I have called a maintenance guy out and he thinks that it's either a dead mouse or the paint put on the wall had 'gone off'. But he was really only guessing. I checked the paint tins and they are def. for interior use so it's not that the wrong paint type was used. 

Rentokil didn't really have anything to say except to quote me 220 + vat to check it out.

Anyway - I'm thinking of getting the floorboards taken up to check for a dead body now but my question is if that is worth the trouble. Can I just ignore it at this stage as it seems to be disapating (slowly)? Is there any harm in having a dead carcass under the floor boards?


----------



## polo9n (9 Jan 2007)

The smell may be there for few months..where exactly the smell coming from? between the ceiling?


----------



## wheeler (9 Jan 2007)

No.. I can't pinpoint it really. It's only in the living room and it seems to be coming from over near the window but it's not coming from outside. 

At that point in the room there is a socket and a tv and all the ntl stuff and that's it. 

The house has been cleaned from top to bottom during the painting so there's def. nothing visibly causing the smell, like discarded food or clothes or something like that.

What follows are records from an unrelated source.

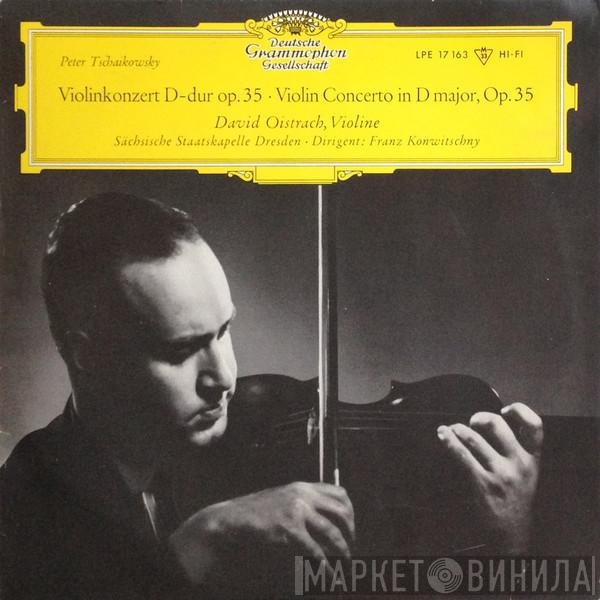, Pyotr Ilyich Tchaikovsky , David Oistrach · Staatskapelle Dresden  Franz Konwitschny  - Violinkonzert D-Dur Op. 35 = Violin Concerto D Major, Op. 35
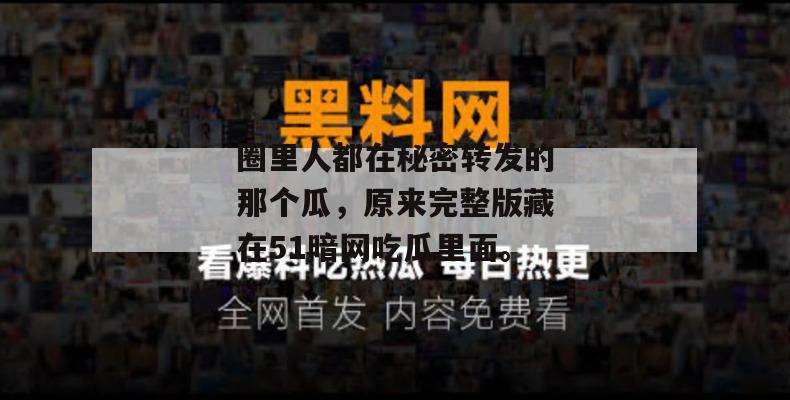 圈里人都在秘密转发的那个瓜，原来完整版藏在51暗网吃瓜里面。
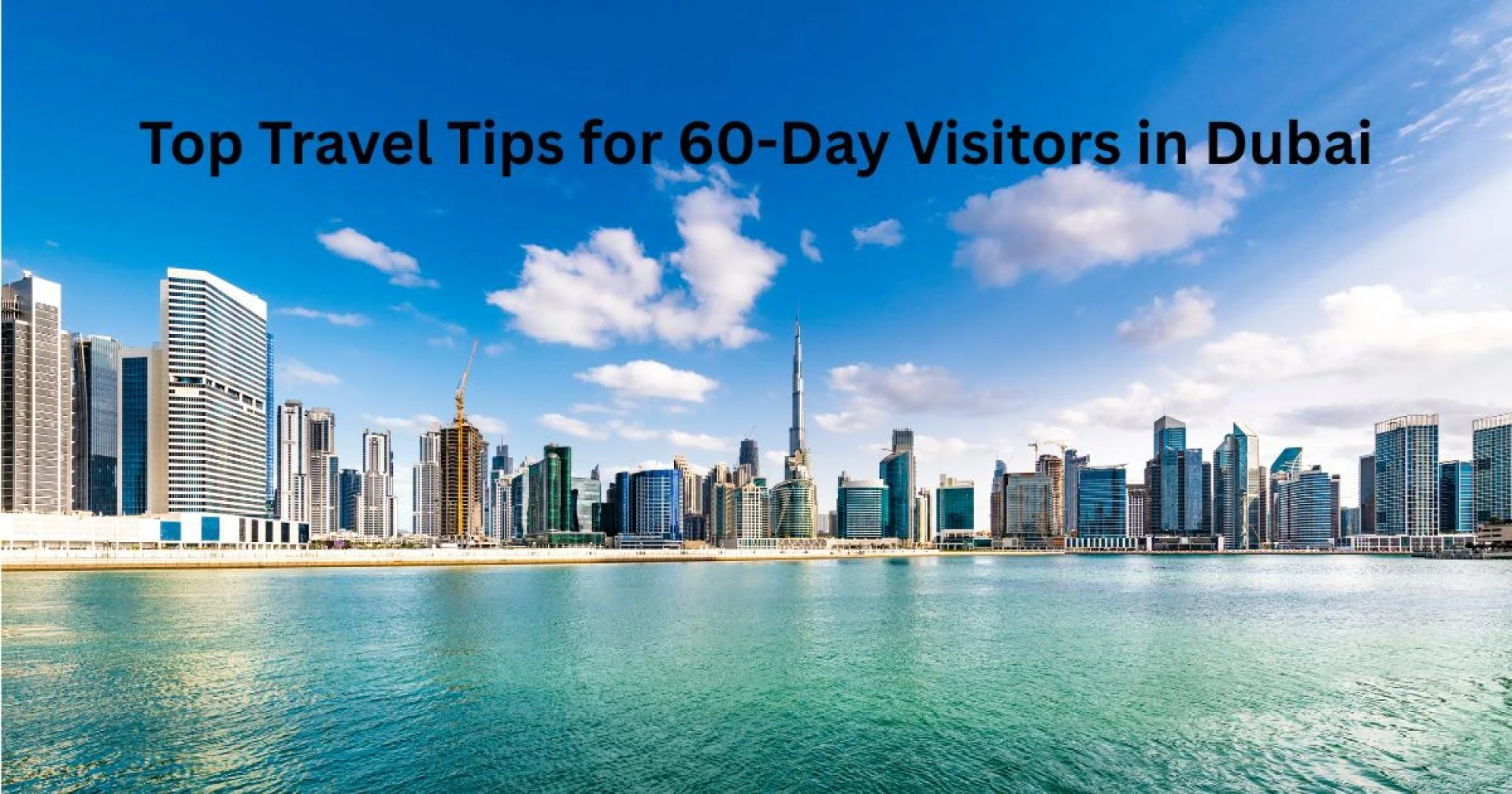 Top Travel Tips for 60-Day Visitors in Dubai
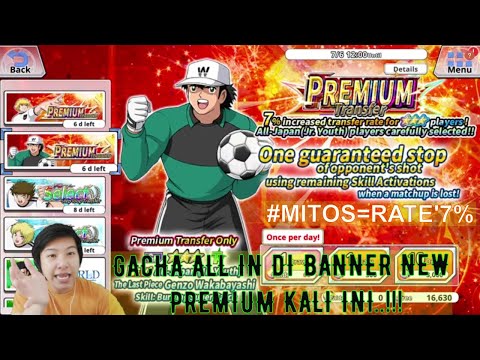 SAATNYA GACHA NEW BANNER PREMIUM TRANSFER | Captain Tsubasa ZERO Miracle Shot#176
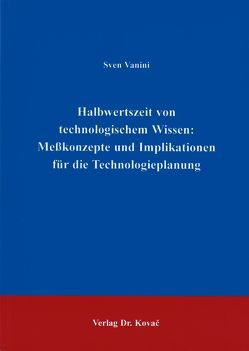 Halbwertszeit von technologischem Wissen: Messkonzepte und Implikationen für die Technologieplanung von Vanini,  Sven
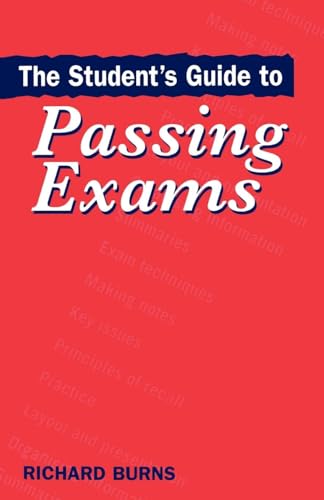 The Student's Guide to Passing Exams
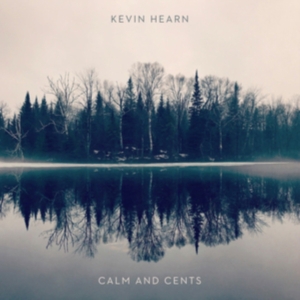 Hearn Kevin - Calm And Cents i gruppen CD / Pop-Rock hos Bengans Skivbutik AB (3599443)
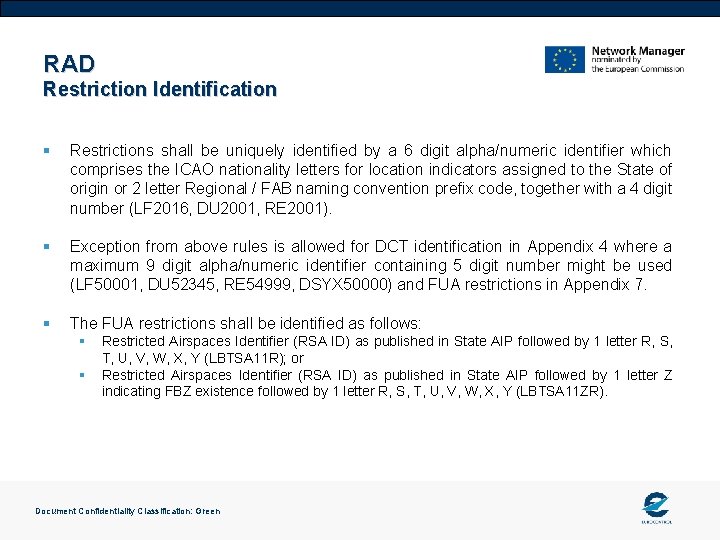 RAD Restriction Identification § Restrictions shall be uniquely identified by a 6 digit alpha/numeric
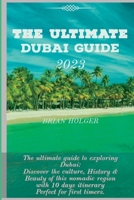 THE ULTIMATE KUWAIT GUIDE 2023: DISCOVER THE RICH CULTURE, HISTORY AND BEAUTY OF KUWAIT B0C5PJSBB5 Book Cover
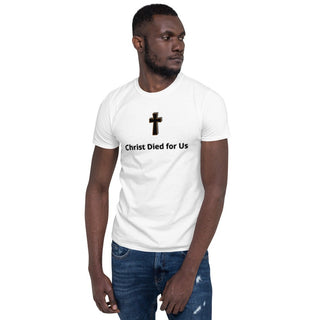 Christ Died For Us T-Shirt ShellMiddy Christ Died For Us T-Shirt Shirts & Tops Christ Died For Us T-Shirt White unisex-basic-softstyle-t-shirt-white-front-6245dc0026540 unisex-basic-softstyle-t-shirt-white-front-6245dc0026540-5
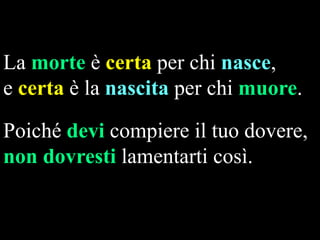 La morte è certa per chi nasce,
e certa è la nascita per chi muore.

Poiché devi compiere il tuo dovere,
non dovresti lamentarti così.

 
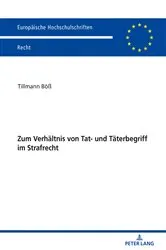 Book cover of Zum Verhaeltnis von Tat- und Taeterbegriff im Strafrecht by Tillmann Böß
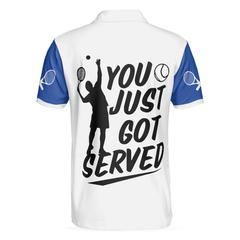 You Just Got Served Polo Shirt, Blue And White Tennis Shirt For Men, Gift For Tennis Players - Hyperfavor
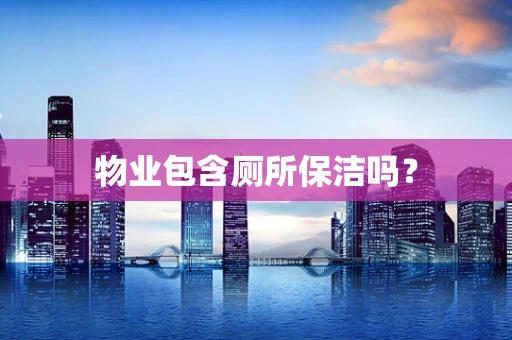 物业包含厕所保洁吗？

I guess the best thing is to get the floor lifted again and at least look. I'm kinda happy to go with the mouse under the floor boards as it fits around what has been happening there lately. I've been living there for over a year now and this is the first time I got the smell. None of the neighbours have it.


----------



## polo9n (9 Jan 2007)

unfortunate, but thats the best solution...get it out...hope its not the builder who left something there


----------